Our analysts at Woodseer have been making dividend forecasts since 2011.
Since then a number of patterns have been identified which were codified into an automated algorithm. This is the core of the current Woodseer product and represents our philosophy of solving broad problems with technology and having a small, targeted team oversee the results.
Our automated systems allow us to cover a large number of securities globally at very high accuracy with only a few analysts.
With the advance of machine learning (ML) technology and the increased availability and affordability of large financial data sets, we identified a way to further increase our accuracy without significant additional overhead. This is the genesis of our AI project.
The objective of this project is to improve our forecast accuracy by identifying predictive patterns in financial data.
Our first iteration was intended to identify large dividend increases (e.g. special dividends) and decreases (e.g. through cuts and reductions). Building an AI model means rather than explicitly programming certain patterns into the system we instead show the model lots of data and it identifies the underlying patterns.
We created this ML model using artificial neural networks which, in simple terms, mimic the way the human brain operates. This model has initially been trained with more than 5 years of company financial and dividend history.
The findings from this initial ML model were discussed with our analysts who then researched the securities and made their own determinations. This led to a revision of some forecasts, and feedback for our model.
The development of a robust ML model requires several iterations and substantial trial and error. We have continued to experiment with various datasets and input fields to identify the most relevant information. The current version now forecasts specific dividend amounts for all important securities and these forecasts are compared to our existing Woodseer forecasts.
Our analysts are alerted when the AI model diverges significantly from our forecasts and they are prompted to make a judgement on which is most appropriate.
Since this is a self-learning process, as company dividend declarations are announced, new results are used to refine the model by adjusting the weights of the input data to attain increasingly accurate predictions.
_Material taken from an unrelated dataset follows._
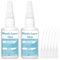 60g Plastic Glue, Super Glue for Waterproof Plastic, Instant Bonding and Repairing, for Metal, Glass, Acrylic, Metal, Wood, Leather, Rubber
Our data science team continues to trial different datasets and adjust the model to improve its accuracy. Our expectation is as the AI model’s accuracy is proven over time and our confidence in its findings increases then it will ultimately be making our dividend forecasts.
Until that point, the ML piece is a supplemental rather than replacement project. We will be providing ongoing updates (via email, this blog and our company LinkedIn page) as we go forwards.